▶ **Task brief**: An exact copy of all the data is needed, with every picture left out.

▶ **Data extract**:
BEGIN

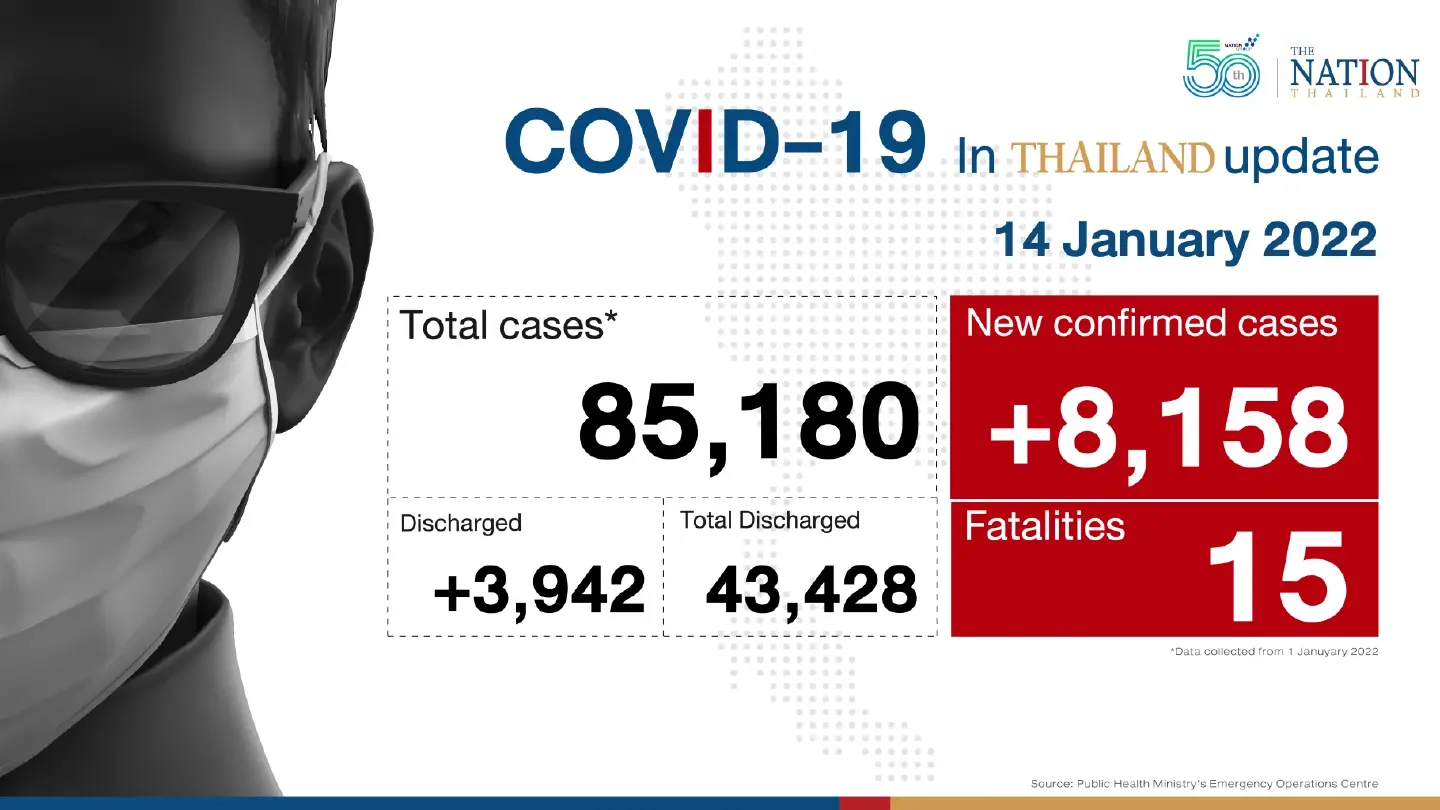 Thailand records 8,158 Covid-19 cases and 15 deaths on Friday Thailand records 8,158 Covid-19 cases and 15 deaths on Friday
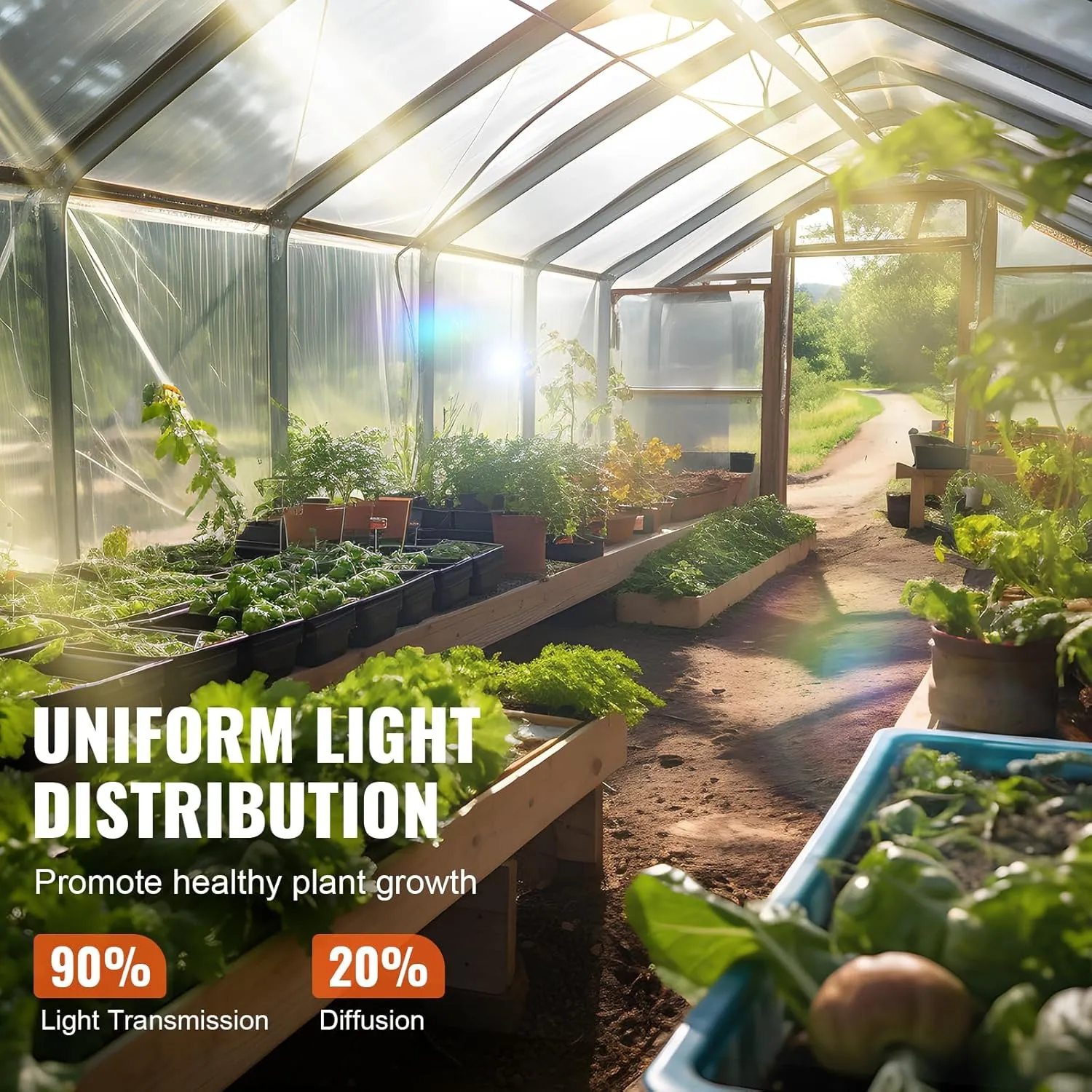 New Retails $80  VEVOR Greenhouse Plastic Sheeting 12 x 50 ft, 6 Mil Thickness Clear Greenhouse Film, Polyethylene Film 4 Year UV Resistant, for Gardening, Farming, Agriculture, Garden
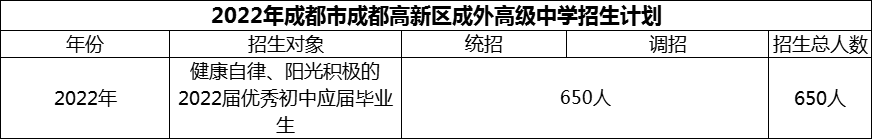 2024年成都市成都高新區(qū)成外高級中學招生計劃是多少？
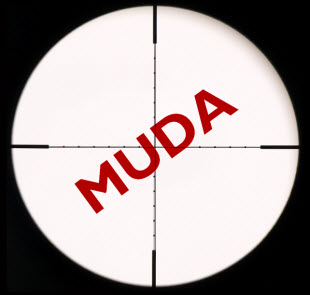 definition of muda, waste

END

▶ **Output for this exercise**:
 Thailand records 8,158 Covid-19 cases and 15 deaths on Friday Thailand records 8,158 Covid-19 cases and 15 deaths on Friday
 New Retails $80  VEVOR Greenhouse Plastic Sheeting 12 x 50 ft, 6 Mil Thickness Clear Greenhouse Film, Polyethylene Film 4 Year UV Resistant, for Gardening, Farming, Agriculture, Garden
 2024年成都市成都高新區(qū)成外高級中學招生計劃是多少？
 definition of muda, waste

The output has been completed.